The publishing industry is bracing for a political book boom as last week’s turmoil in Canberra reverberates around the nation’s retailers.

When this week’s Nielsen Bookscan results are released next Friday, Jacqueline Kent’s The Making of Julia Gillard, published by Penguin, is expected to surge to the top of the charts. Copies are currently piled up in airports across the country and Kent is quickly compiling an update to accommodate the unprecedented knifing.

A leading literary agent said Kent’s account of the new PM had become an “instant best-seller”, with two covers being prepared depending on whether Gillard can hold off Tony Abbott at the ballot box. But Kent told Crikey the new edition was unlikely to be ready before August, if her subject decides to pull the election trigger this week.

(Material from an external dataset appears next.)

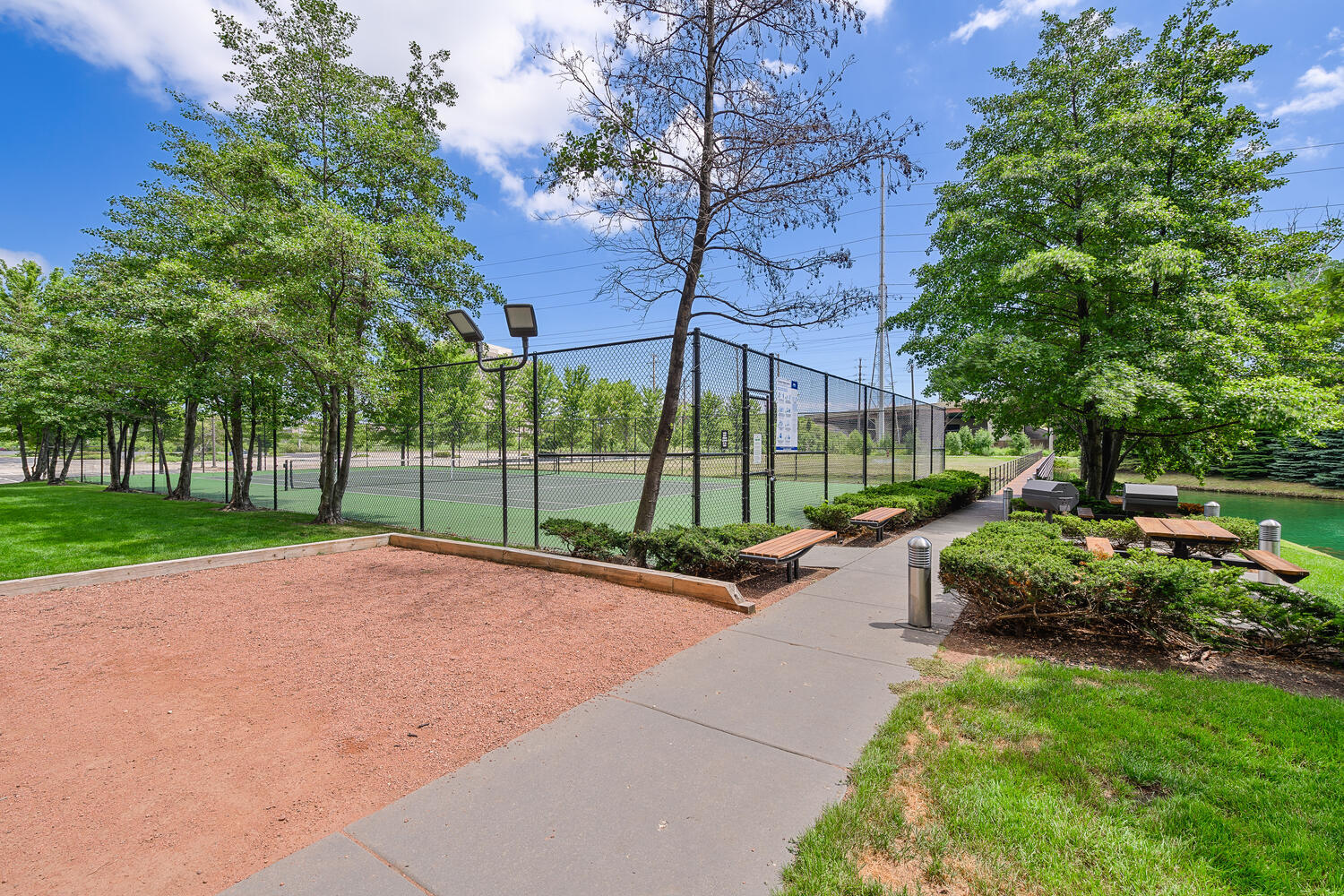9715 WOODS Drive Unit: 1606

David Marr’s Quarterly Essay Power Trip: The Political Journey Of Kevin Rudd has entered a new pressing, as the public scrambles for an insight into the man Marr describes as an angry loner from Queensland made good.

Crikey also understands Bob Ellis has been commissioned to write a day-by-day account of the next few months, including last week’s shenanigans, for immediate release in the days following the poll.

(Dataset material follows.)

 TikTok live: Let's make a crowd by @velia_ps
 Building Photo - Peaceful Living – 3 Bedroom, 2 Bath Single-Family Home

But the prospect of a slew of political quickies on Rudd’s downfall appears slim, with industry chatter at the Australian Book Industry awards last night limited to the suite of titles already on shelves or in the pipeline, according to observers.

Leading literary agent Mary Cunnane, who handled Mark Latham’s diaries and also acts for Kent, said the prospect of a frank and fearless tell-all from Rudd himself was only an outside possibility, given the dumped PM was planning to secure a place in Gillard’s post-election cabinet.

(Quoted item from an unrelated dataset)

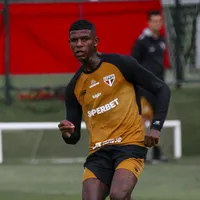 Arboleda deve começar no banco com Roger em São Paulo x Chapecoense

Another agent said a Rudd effort probably “wouldn’t sell particularly well … he lost his popularity and there’s not much warmth”. Even so, a Rudd decision to take the plunge would inevitably result in a “six figure” advance, depending on the content and timeliness.

A glut of titles commissioned before last week’s treachery, and designed to cash in on election year fever, are undergoing frantic last-minute changes.

Spare a thought for Nicholas Stuart, who emailed the final chapter of his second draft of Rudd’s Way: Labor in Power, 2007-2010 to his publisher Scribe just as Bill Shorten was sharpening the knives in Canberra. “Remarkably”, a Scribe publisher said, Stuart didn’t need to “change a word or a judgement in the body of the text”, with the only task being to bring the last chapter up to date.

A tome by Jonathan Biggins on Rudd — iKevin — scheduled for an August release has been shelved completely. Another MUP effort by Patrick Weller, Kevin Rudd: The Making Of A Prime Minister, has been delayed “in light of the current political situation”.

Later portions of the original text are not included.